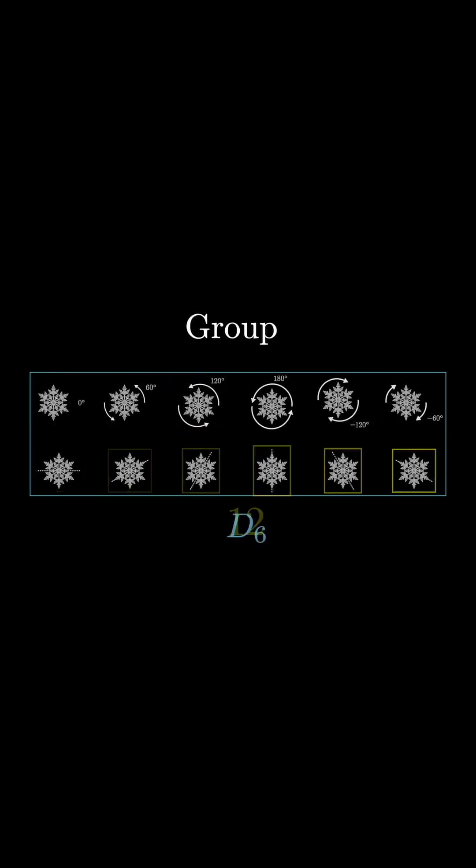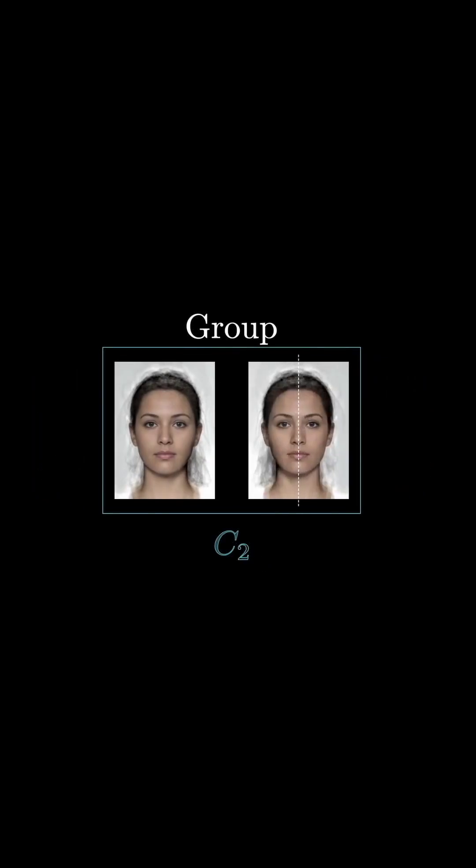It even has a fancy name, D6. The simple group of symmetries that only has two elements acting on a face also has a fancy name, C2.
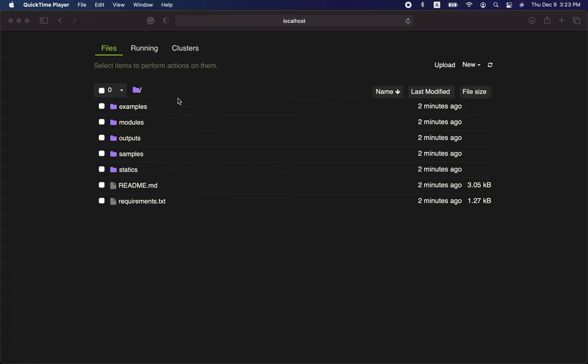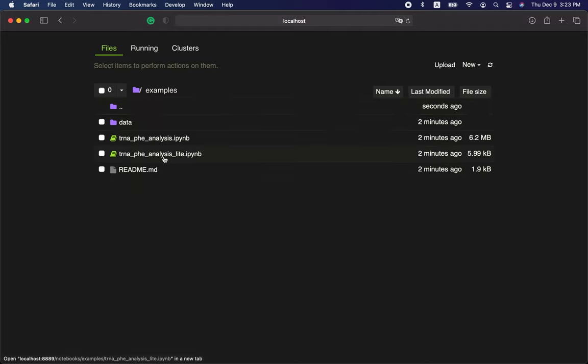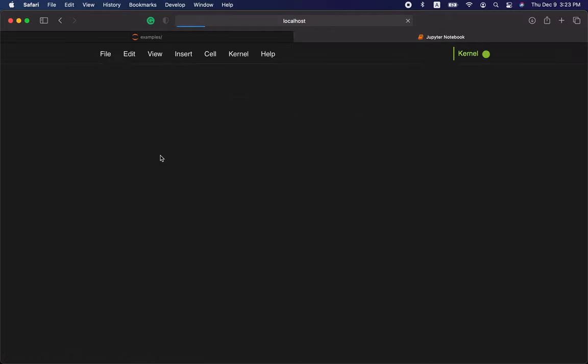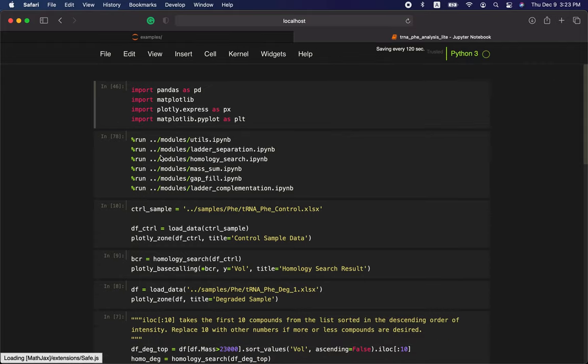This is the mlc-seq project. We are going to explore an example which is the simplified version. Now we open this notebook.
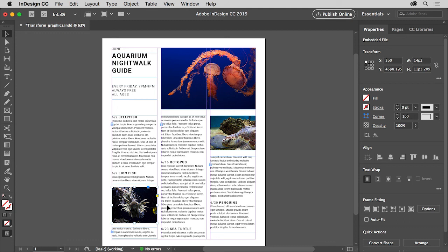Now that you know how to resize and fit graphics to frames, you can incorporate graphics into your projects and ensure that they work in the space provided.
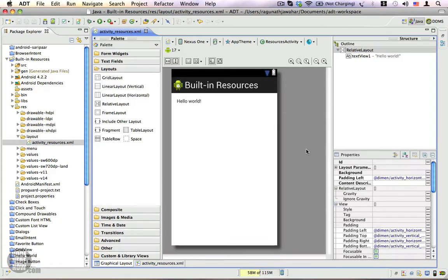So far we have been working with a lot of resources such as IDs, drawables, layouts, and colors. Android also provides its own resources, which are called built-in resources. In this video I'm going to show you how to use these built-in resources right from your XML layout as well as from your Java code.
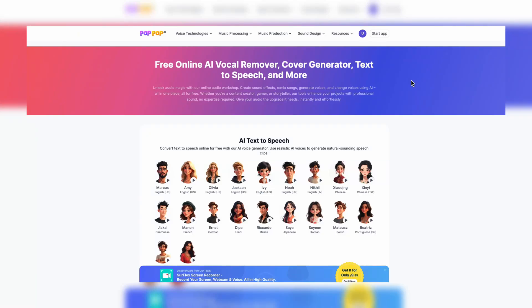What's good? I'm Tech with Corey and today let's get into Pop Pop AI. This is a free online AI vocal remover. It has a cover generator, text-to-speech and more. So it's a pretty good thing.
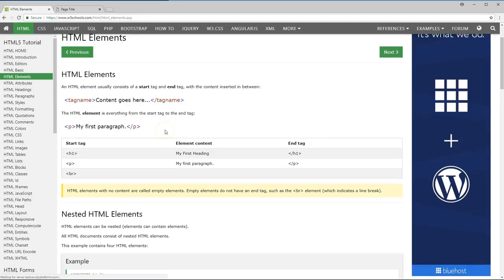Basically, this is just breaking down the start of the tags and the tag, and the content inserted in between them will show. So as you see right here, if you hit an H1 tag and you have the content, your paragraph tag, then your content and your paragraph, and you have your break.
────
Task statement
These lines alone form the answer: the one containing "This is the" and every line after it through the end of the material, exactly as written, pictures left out.

Task answer
This is the mlc-seq project. We are going to explore an example which is the simplified version. Now we open this notebook.
Now that you know how to resize and fit graphics to frames, you can incorporate graphics into your projects and ensure that they work in the space provided.
So far we have been working with a lot of resources such as IDs, drawables, layouts, and colors. Android also provides its own resources, which are called built-in resources. In this video I'm going to show you how to use these built-in resources right from your XML layout as well as from your Java code.
What's good? I'm Tech with Corey and today let's get into Pop Pop AI. This is a free online AI vocal remover. It has a cover generator, text-to-speech and more. So it's a pretty good thing.
Basically, this is just breaking down the start of the tags and the tag, and the content inserted in between them will show. So as you see right here, if you hit an H1 tag and you have the content, your paragraph tag, then your content and your paragraph, and you have your break.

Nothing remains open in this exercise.